NVIDIA’s Bill Dally gave a talk last week at SC10 about how to build supercomputers at the Exascale level… what would it take to build an ExoFlop system? That’s almost 2 orders of magnitude more powerful than the best supercomputers today. His talk gets down into very interesting details both at the system level and the low level GPU chip level. A lot of the facts are well known to everyone (power use dominates almost all design decisions) but there’s lots of interesting thinking about different ways to minimize it. For example memory caches can be used not with the goal of speeding anything up, but to provide a more local memory reads which uses 50pJ of energy as opposed to an offchip DRAM read using 5nJ, an order of magnitude more.
There’s also a rough GPU design for an approach how to get multiple order of magnitude speedup over today’s design… it’s not specifically about Kepler or Maxwell, but obviously there’s a lot of similarity to the way even Fermi works now.

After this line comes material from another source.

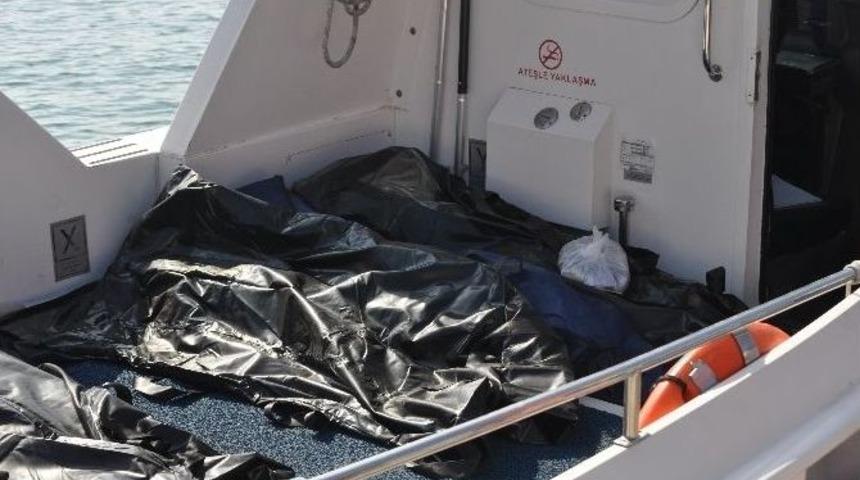 &Ccedil;anakkale&rsquo;de M&uuml;lteci Botu Battı: 12 &Ouml;l&uuml;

The theoretical GPU design has a goal of 128 SMs with 8SPs each (which is more like GT200’s similar 8SP/SM than GF100’s 32 or 48 SP/SM). What is interesting in the new (hypothetical!) design is that each SM has four DP FMA engines, not one like current GPUs. (This actually makes sense with the facts from earlier in the presentation showing FP compute is not the bottleneck, that uses a lot less power than data transfer does.) I’m not sure how that would be implemented… new PTX instructions which allow choosing all 16 (!) arguments for the FMAs (!), some super-clever 4-deep ILP, or the simplest but least versatile vector SIMD like approach (that AMD still uses in its GPUs now, and NVIDIA left behind back with G80)
The presentation slides are here… the second half is the most interesting part.